• [Task description]
From the records, return each line that has the word "Women" in it.

-- Exercise data follows --

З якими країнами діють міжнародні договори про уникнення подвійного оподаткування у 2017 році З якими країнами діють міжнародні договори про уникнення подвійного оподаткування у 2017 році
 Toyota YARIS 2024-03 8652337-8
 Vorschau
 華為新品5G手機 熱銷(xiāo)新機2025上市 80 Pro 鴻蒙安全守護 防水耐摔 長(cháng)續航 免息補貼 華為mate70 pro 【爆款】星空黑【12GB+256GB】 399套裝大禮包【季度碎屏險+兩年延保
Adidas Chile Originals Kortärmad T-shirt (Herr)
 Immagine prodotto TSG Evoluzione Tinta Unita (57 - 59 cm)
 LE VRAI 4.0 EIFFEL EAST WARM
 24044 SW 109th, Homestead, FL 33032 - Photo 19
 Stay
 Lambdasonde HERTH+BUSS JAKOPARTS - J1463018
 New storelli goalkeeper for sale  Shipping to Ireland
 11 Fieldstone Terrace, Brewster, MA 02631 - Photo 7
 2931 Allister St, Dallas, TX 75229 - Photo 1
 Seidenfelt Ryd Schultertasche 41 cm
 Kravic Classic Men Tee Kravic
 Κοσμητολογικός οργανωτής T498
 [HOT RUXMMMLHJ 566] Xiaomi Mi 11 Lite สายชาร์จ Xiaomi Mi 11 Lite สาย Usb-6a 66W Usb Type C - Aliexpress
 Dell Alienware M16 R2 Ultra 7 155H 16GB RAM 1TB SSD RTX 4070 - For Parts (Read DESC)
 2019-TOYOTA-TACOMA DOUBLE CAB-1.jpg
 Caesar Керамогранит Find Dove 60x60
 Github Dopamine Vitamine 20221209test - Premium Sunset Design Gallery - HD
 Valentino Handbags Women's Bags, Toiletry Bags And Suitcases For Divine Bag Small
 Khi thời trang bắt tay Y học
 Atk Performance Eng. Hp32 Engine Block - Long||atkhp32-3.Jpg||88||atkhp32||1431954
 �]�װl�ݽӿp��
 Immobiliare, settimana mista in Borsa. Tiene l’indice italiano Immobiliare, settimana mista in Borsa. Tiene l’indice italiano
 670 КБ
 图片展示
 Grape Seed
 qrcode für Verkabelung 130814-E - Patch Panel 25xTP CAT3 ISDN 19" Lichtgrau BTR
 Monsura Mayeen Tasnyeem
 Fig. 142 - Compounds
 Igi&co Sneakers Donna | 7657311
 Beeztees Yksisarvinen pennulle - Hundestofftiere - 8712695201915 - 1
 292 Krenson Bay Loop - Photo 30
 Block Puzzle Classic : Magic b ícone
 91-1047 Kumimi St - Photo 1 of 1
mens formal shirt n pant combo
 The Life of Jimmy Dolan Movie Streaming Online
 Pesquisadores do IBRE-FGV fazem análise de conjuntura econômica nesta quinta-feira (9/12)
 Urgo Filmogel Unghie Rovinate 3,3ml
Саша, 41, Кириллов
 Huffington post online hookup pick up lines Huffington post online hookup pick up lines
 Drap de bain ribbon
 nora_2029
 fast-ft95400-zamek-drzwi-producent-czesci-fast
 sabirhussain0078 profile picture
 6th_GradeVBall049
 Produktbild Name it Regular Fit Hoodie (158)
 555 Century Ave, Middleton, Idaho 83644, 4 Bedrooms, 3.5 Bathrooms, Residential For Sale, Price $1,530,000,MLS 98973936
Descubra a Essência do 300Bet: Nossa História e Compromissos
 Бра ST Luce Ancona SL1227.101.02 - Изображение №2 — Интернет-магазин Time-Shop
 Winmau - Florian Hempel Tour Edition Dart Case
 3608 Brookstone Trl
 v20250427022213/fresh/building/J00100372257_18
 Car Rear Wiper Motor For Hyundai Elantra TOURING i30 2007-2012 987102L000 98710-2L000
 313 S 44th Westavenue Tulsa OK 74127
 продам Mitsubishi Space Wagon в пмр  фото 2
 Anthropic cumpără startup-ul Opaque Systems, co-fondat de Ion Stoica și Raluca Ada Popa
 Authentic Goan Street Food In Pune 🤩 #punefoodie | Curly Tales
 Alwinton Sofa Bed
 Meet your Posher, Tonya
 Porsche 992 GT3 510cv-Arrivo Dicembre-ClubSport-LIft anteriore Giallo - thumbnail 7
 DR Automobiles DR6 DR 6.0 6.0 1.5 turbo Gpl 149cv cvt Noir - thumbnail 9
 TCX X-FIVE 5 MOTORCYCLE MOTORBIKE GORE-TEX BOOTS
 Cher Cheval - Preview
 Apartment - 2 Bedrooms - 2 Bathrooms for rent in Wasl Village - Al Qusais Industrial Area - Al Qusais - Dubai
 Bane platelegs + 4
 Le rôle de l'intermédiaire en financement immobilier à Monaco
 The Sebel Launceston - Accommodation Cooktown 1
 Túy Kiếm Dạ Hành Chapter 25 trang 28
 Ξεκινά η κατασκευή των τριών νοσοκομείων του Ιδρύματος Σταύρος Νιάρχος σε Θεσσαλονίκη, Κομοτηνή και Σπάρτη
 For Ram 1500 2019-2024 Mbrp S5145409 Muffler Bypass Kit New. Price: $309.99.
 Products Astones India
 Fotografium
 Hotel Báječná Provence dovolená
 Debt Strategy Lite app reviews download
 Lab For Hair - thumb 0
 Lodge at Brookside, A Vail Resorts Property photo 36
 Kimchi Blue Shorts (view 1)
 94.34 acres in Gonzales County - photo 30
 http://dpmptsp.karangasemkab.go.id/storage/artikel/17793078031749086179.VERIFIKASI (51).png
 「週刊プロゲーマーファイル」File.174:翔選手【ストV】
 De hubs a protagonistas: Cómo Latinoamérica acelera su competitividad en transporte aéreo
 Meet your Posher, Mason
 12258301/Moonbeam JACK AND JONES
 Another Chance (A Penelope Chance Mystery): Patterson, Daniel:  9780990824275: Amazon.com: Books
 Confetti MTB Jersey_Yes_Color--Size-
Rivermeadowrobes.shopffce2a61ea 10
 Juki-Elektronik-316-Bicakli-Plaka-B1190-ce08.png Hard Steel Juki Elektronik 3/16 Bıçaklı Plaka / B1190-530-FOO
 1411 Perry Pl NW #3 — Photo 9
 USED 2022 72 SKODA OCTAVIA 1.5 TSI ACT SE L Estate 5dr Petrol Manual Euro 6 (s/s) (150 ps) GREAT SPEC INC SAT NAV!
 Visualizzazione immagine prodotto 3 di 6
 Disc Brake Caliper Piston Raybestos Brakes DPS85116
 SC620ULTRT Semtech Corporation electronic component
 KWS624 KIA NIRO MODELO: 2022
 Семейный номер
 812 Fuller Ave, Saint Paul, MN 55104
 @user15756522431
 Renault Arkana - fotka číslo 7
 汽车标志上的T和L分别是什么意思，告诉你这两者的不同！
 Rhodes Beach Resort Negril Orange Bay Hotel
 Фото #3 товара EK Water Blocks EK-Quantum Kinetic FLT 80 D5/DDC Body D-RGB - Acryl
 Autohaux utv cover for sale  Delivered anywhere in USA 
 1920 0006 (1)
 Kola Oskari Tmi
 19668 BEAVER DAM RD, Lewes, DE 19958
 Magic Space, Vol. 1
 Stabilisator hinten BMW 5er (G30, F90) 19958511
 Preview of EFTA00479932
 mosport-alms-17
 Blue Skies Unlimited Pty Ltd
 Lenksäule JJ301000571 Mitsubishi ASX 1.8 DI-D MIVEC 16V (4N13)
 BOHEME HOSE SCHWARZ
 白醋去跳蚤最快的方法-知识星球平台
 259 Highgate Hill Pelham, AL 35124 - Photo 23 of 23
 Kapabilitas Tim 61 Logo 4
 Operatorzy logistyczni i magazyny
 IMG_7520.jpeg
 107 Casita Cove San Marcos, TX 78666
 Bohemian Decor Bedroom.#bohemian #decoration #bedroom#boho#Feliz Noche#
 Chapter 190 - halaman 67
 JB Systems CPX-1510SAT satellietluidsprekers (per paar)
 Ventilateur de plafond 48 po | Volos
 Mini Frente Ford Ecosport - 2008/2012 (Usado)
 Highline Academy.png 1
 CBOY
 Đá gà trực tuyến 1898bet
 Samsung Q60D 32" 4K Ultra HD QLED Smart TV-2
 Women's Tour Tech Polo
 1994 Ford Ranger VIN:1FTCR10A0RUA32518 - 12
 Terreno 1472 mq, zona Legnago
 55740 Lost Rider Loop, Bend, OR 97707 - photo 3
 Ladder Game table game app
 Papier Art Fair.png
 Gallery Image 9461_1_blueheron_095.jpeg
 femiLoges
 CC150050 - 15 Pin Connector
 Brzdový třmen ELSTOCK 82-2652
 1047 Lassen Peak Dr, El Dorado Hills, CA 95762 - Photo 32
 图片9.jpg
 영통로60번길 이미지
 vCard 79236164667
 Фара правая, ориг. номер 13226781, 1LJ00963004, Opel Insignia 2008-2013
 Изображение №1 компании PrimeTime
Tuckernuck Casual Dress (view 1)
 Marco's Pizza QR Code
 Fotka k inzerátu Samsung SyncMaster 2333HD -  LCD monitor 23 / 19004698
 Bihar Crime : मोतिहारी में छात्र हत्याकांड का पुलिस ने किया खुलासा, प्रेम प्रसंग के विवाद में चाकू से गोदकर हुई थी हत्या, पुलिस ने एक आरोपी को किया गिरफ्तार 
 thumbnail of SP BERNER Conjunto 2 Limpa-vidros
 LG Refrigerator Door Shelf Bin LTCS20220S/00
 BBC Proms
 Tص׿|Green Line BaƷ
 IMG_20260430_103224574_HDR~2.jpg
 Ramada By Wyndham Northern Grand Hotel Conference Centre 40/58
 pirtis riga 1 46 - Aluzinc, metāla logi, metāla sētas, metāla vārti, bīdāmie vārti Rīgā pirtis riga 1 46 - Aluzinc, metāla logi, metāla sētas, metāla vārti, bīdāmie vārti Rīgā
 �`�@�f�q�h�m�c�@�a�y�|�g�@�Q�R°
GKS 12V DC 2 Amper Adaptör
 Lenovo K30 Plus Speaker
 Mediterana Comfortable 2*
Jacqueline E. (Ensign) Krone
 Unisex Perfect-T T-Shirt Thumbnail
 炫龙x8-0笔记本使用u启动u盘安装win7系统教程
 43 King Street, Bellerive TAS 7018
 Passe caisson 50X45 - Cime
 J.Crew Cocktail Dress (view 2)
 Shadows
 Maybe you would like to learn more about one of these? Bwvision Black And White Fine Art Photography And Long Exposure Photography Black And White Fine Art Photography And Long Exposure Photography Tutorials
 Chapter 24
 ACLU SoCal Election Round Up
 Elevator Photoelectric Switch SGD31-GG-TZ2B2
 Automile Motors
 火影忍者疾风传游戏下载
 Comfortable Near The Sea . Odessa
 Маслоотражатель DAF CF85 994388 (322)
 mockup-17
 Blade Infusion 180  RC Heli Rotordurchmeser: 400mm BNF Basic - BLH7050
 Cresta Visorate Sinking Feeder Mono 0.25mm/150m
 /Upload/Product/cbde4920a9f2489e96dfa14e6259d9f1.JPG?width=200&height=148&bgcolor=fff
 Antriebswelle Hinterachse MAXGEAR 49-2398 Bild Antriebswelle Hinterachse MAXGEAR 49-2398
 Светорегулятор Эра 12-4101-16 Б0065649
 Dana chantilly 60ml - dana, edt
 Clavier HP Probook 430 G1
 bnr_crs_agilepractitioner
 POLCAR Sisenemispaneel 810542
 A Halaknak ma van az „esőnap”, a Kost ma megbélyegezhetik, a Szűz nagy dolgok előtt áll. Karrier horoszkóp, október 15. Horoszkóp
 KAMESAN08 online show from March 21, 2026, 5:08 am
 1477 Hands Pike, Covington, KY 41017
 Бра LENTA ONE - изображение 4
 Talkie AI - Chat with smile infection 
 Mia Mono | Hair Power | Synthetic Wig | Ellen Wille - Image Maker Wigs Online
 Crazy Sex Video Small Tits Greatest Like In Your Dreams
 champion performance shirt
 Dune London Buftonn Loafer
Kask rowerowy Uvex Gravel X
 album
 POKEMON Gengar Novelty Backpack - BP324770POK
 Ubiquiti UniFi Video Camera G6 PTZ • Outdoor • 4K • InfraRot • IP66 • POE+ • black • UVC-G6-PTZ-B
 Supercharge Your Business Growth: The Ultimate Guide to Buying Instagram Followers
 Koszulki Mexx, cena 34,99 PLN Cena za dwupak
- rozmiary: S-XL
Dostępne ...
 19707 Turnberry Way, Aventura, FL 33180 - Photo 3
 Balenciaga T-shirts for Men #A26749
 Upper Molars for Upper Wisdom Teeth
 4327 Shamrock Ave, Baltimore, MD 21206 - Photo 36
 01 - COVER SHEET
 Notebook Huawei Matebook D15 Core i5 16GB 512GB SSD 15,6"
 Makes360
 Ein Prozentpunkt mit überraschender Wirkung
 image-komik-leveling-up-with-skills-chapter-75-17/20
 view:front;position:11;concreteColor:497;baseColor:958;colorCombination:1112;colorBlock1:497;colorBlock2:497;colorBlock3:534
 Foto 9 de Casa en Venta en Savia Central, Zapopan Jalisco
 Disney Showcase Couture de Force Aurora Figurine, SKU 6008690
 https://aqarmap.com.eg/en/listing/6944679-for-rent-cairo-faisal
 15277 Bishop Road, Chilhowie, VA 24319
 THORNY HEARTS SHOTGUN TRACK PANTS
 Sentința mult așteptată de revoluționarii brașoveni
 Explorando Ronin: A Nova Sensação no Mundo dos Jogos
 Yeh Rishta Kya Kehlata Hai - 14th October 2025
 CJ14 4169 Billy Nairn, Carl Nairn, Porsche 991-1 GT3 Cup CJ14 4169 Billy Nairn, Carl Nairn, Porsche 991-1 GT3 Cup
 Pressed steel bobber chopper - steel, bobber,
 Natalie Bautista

-- Exercise data concluded --

• [Task solution]
 Valentino Handbags Women's Bags, Toiletry Bags And Suitcases For Divine Bag Small
 Women's Tour Tech Polo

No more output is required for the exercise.